**Required work**
Report each line of the records below that uses the word "Picture".

[Caption-style text data]
================

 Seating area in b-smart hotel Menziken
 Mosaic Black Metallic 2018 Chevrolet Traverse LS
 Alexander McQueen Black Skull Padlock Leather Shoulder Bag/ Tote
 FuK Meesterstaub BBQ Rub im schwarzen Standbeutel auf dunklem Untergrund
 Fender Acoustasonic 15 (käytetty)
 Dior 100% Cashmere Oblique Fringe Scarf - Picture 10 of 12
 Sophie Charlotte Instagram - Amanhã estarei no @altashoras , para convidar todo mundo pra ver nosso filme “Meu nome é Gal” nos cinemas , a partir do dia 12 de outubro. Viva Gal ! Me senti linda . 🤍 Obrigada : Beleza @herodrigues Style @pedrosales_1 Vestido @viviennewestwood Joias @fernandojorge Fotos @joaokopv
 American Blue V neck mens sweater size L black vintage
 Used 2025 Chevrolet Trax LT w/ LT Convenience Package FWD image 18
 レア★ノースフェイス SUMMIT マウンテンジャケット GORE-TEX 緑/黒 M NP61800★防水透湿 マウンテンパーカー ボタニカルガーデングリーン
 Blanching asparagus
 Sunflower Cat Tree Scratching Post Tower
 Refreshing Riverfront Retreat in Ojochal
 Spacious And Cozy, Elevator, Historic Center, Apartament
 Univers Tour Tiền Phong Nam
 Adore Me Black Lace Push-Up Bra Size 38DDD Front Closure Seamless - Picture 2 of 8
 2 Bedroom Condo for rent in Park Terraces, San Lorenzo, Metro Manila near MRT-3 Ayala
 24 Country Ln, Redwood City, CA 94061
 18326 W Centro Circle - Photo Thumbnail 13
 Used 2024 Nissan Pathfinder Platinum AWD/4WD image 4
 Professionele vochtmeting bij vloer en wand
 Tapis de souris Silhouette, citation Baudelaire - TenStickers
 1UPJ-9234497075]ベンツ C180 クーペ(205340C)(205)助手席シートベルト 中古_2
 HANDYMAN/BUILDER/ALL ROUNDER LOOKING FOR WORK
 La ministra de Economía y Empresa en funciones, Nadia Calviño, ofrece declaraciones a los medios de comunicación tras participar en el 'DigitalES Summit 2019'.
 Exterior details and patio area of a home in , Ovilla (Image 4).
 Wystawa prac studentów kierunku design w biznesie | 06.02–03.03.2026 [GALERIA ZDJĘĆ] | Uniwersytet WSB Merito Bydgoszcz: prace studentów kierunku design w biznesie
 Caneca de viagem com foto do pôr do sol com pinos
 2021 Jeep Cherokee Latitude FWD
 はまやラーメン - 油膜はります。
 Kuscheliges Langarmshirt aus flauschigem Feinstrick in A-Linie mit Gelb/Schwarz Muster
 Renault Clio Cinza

================

**Task solution**
 Dior 100% Cashmere Oblique Fringe Scarf - Picture 10 of 12
 Adore Me Black Lace Push-Up Bra Size 38DDD Front Closure Seamless - Picture 2 of 8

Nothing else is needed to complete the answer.